In a teaching setting, the same situation is never replicated. Teachers make judgements, and draw ‘lessons’ from each teaching episode – their own and that of others – in order to re-engage in the action research cycle, an engagement that encompassed collective action and renewal. The lessons that they draw from can be seen as the ‘stories’ which they tell about their understanding of their own teaching (Jalongo et al, 1995; Connelly & Clandinan, 1986, 1990, Elbaz, 1991). It is from the ‘stories’ which they construct that teachers will build new actions and understandings.
Reflective storying, however, is not a purely individual activity unconnected to any educational, social or political project.
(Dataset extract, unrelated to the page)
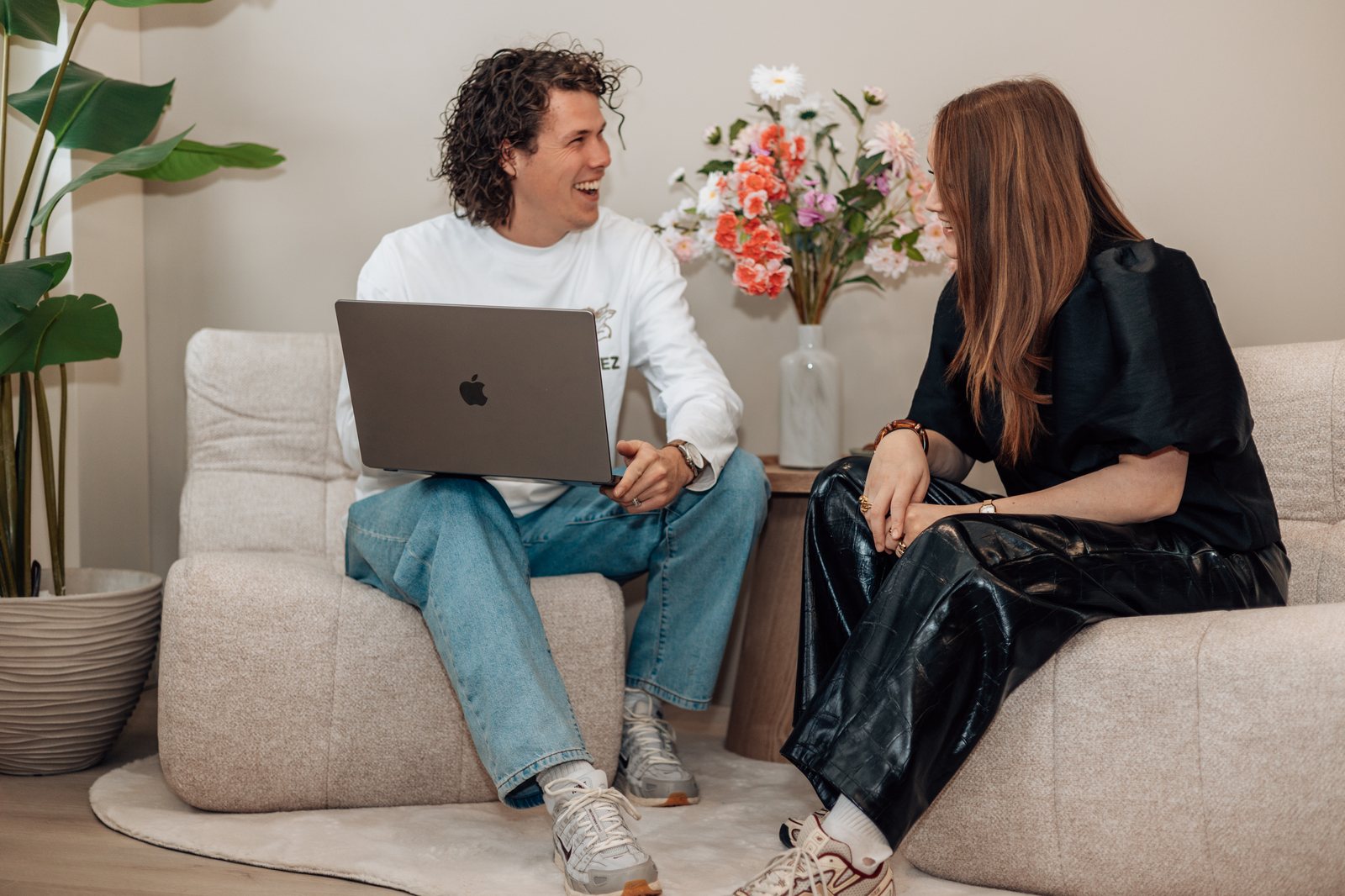 Twee collega's in gesprek op een bank, een van hen met een laptop op schoot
Reflection in action research is ‘critical’ in that it centres on not only the everyday things of teaching and learning but on the social, political and institutional contexts in which such activities occur. ‘Critical’ reflection in action research means extending the understanding of a teacher’s own experiences in the classroom to its connection to broader relations of power in education and society more generally. It also calls for shared reflection with others, as dialogue with action research colleagues provides a means of testing reasons for educational actions and for making interpretive judgements and evaluations about the consequences of those actions.
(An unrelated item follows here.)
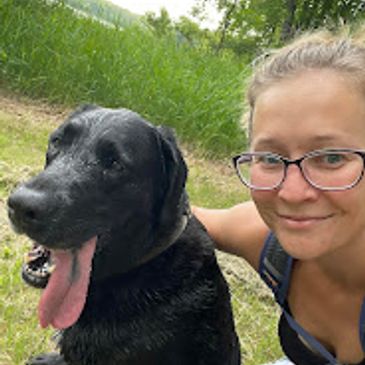Smiling woman with black dog outdoors.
We have chosen to focus on lecturers’ final reflections on their involvement with the Project, the following being representative of the sentiments expressed.
Humanities lecturer – TULIP strategies have caused me to assess what has worked (or not worked) for me and to try to make my lectures more participatory and less didactic. I have learned why some of my strategies haven't always worked and am eager to get back out there and try some new strategies.
The following reflections, however, indicate the different ways in which the overall culture of the institution can inhibit or constrain teachers from initiating change in their teaching practices.
Science lecturer – I suspect that focusing on communication skills in science is almost unheard of – at least in some students’ minds. I suspect that if communication and literacy issues were pushed in other science units, those units might get a reputation for being difficult, and students might avoid enrolling in them, leaving us possibly with a dangerously decreased teaching load.
Nursing lecturer – One of the great strengths for me was talking to others about my teaching. And it’s suddenly made teaching more exciting. No-one wants to know about my teaching knowledge. They’re interested in all sorts of other aspects, like what’s your research. Nobody says, ‘how’s your teaching?’ They couldn’t give a damn. All of a sudden I was with a group that ‘gave a damn’. That was really good, and I’ve had lots of ideas so got energised by others, and I’ve heard basically the problems I experienced were the same. The other thing that I enjoyed was it made me get back and experiment a bit. I’d fallen into a rut. I had the formula there, it worked, and I didn’t move out of the formula. And all of a sudden I had to, and that was great. I discovered I could do things quite differently.